Exercise aim
Exactly the lines from the one holding "X0000080741482200701121924" to the end of the listing, both ends included, make up the expected answer.

*** Excerpted data Section Begins ***

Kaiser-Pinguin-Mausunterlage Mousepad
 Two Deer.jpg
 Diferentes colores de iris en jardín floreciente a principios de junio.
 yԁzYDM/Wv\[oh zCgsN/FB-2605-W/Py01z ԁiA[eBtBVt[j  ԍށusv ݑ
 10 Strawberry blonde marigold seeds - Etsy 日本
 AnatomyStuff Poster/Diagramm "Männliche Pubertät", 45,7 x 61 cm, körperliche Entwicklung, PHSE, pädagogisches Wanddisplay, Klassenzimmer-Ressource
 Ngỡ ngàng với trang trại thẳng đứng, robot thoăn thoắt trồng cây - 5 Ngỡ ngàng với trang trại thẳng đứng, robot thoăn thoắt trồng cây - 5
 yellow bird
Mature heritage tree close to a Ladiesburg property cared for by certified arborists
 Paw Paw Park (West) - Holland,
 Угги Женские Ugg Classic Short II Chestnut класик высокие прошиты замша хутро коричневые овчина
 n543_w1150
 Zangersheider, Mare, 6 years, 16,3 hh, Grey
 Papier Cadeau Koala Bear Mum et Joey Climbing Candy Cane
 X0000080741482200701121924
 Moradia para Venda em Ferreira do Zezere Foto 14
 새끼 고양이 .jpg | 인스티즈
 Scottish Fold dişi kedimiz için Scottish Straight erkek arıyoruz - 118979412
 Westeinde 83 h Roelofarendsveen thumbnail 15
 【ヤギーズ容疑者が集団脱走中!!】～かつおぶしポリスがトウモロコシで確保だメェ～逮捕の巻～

*** Excerpted data Section Ends ***

Exercise result
 X0000080741482200701121924
 Moradia para Venda em Ferreira do Zezere Foto 14
 새끼 고양이 .jpg | 인스티즈
 Scottish Fold dişi kedimiz için Scottish Straight erkek arıyoruz - 118979412
 Westeinde 83 h Roelofarendsveen thumbnail 15
 【ヤギーズ容疑者が集団脱走中!!】～かつおぶしポリスがトウモロコシで確保だメェ～逮捕の巻～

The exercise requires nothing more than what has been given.